Tangan Angkasa melepas kerah baju laki-laki itu, disaat yang bersama laki-laki itu langsung berlari menjuhi Angkasa, ketika lengah. Dia berbalik badan, menghampiri Robi yang tengah menggendong Raisa membawa nya ke Warsep. 

Posisi Tauran tadi memang tidak jauh dari Warsep, karena mereka mencari tempat yang aman, dan jauh dari kerumunan warga. Melihat kepala Raisa yang terluka, Angkasa langsung mengambil alih posisi Robi, dan menggendong nya. “P3K Rob!!” ujarnya cemas. 

Mata Raisa membuka perlahan, dengan samar melihat Angkasa. “Sakit?” tanya Angkasa langsung mencium dahi itu. “Harusnya kamu ngga usah nolongin Robi. Mendingan kamu pergi, selamatin diri kamu sendiri.” 

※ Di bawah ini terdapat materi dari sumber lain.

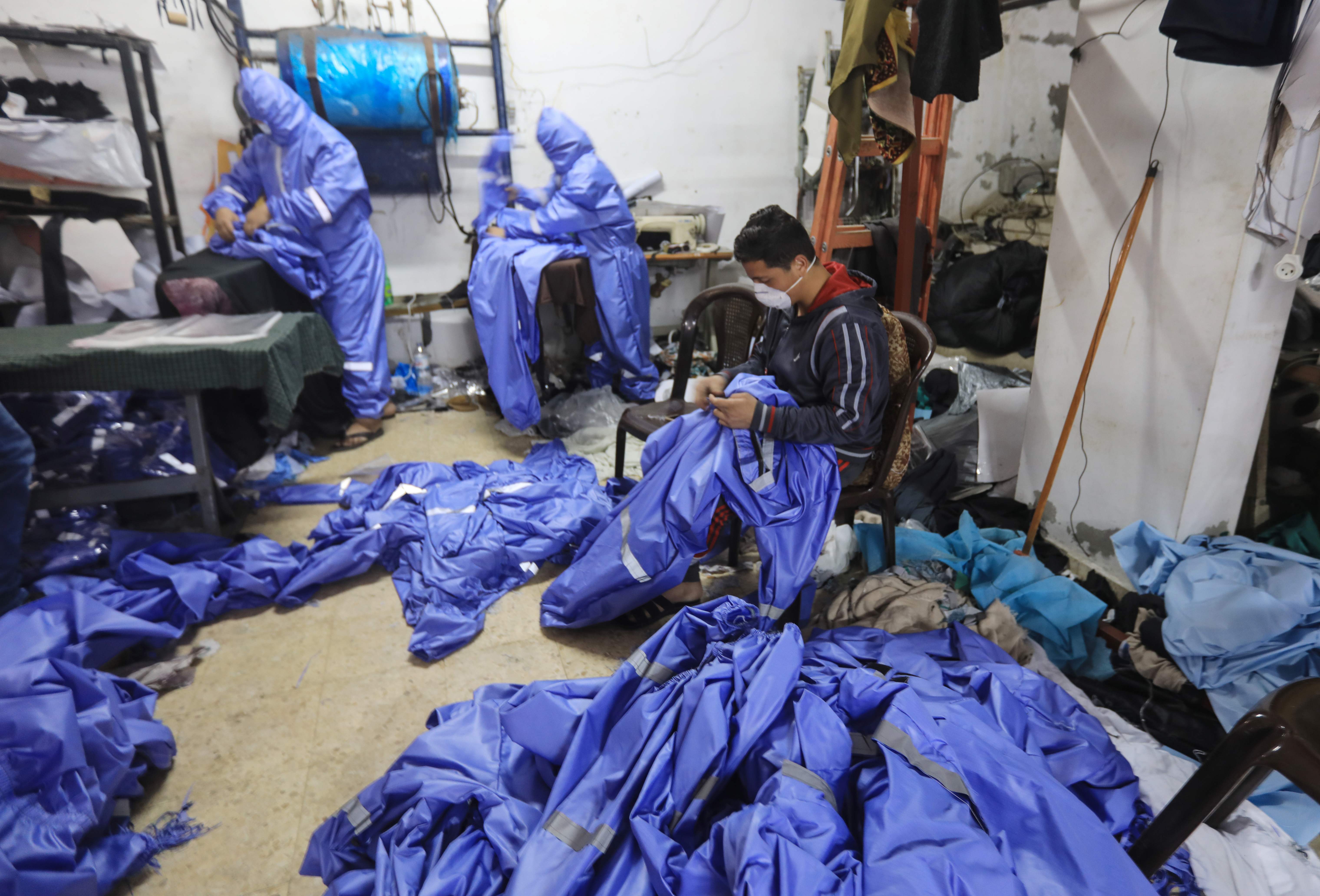 Sejumlah pekerja memproduksi APD di sebuah pabrik tekstil di Gaza City, Jalur Gaza, Palestina.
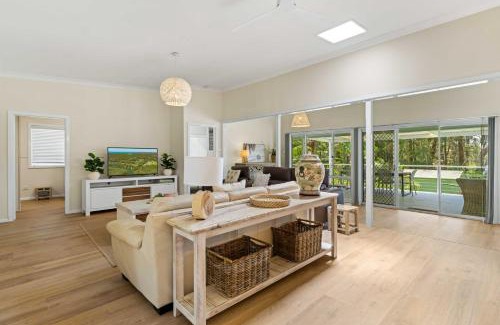 Woollamia House | Driftaway Waterfront, Jervis Bay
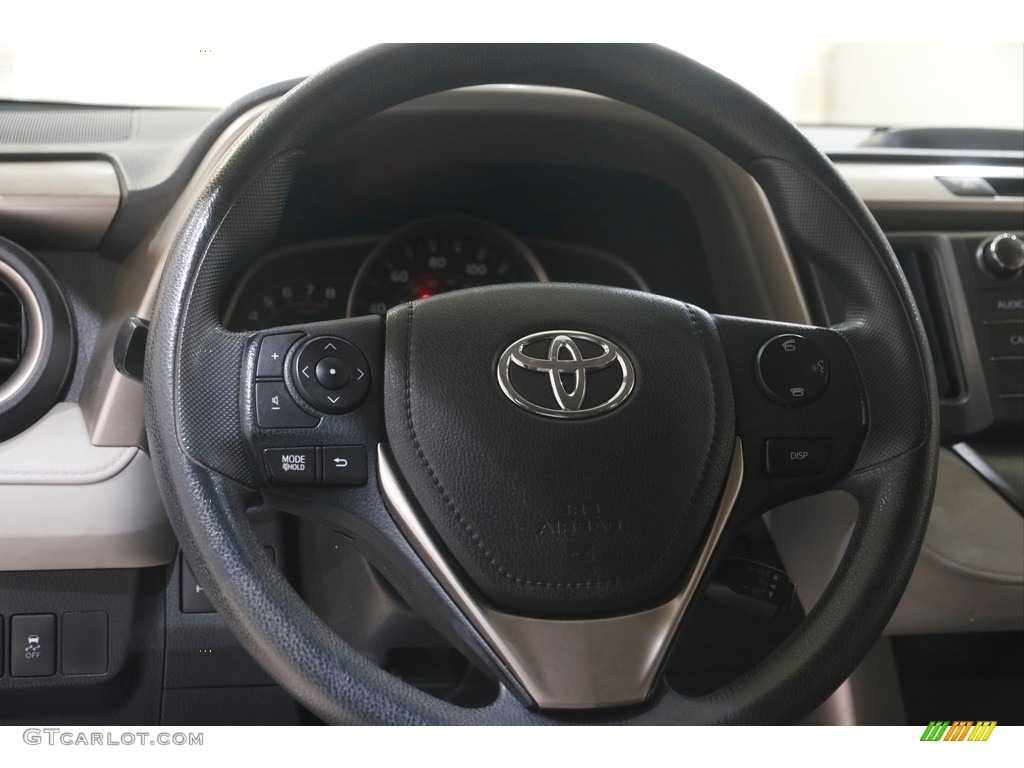 2015 RAV4 LE - Classic Silver Metallic / Ash photo #7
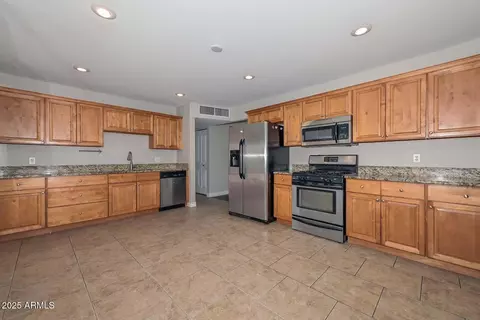 352 E Beatryce St, Tempe, AZ 85288 photo 3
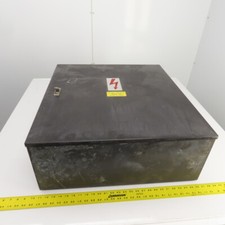 Enceinte Électrique Murale Avec Porte Hingée 27-1/2" X 25-1/2" X 10"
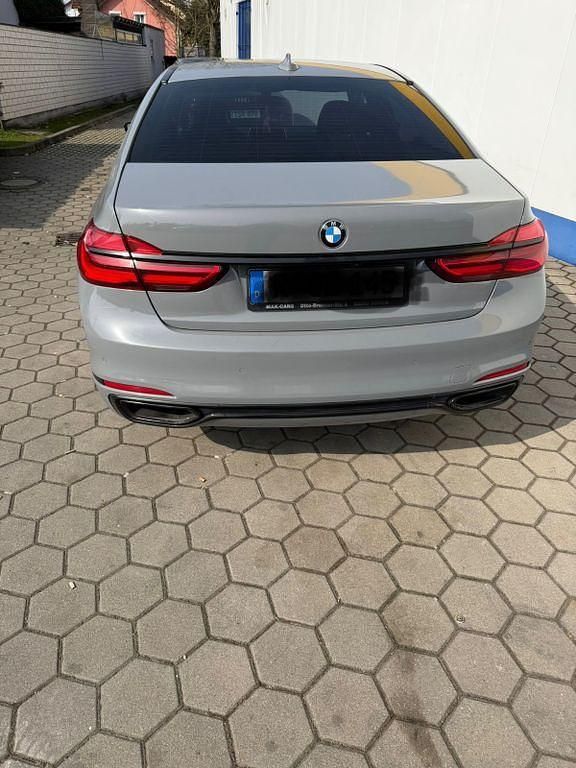 Gebraucht BMW 740 313 PS (230 kW) 2016 Grau Limousine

Dengan sangat hati-hati Angkasa mengangkat kepala itu, mengobati luka di kepala Raisa dengan perban, dan juga obat merah. “Jangan pernah ikut campur sama urusan aku, Ca. Kamu nggak berhak untuk ikut-ikutan kayak tadi. Kamu tau kan kalau itu bahayain diri kamu sendiri!!” ujar Angkasa. 

Raisa bangkit memegangi kepalanya yang terluka karena pukulan kayu. Angkasa memeluk Raisa, menyandarkan kepalanya pada pundak itu. “Aku takut, Ca. Kamu jangan ikut campur sama anak Razel. Gara-gara kamu doang, aku hampir jantungan!” ujarnya. 

“Kamu khawatir kan?! Sama aku juga khawatir!! Udah berulang kali aku bilang, gak usah kayak tadi!! Aku gak suka, Angkasa. Lihat, sekarang kamu juga hiks!! Terluka lebih parah hiks!! Dari aku!!” ujar Raisa dengan nafas yang tidak teratur. “Sakit kan?” 

“Gak,” balas Angkasa dengan tangan membelai kepala Raisa. “Jangan pernah bahayain keselamatan kamu lagi ya, Ca. Bagi aku, kalau kamu terluka, itu lebih sakit. Ngerti kan?”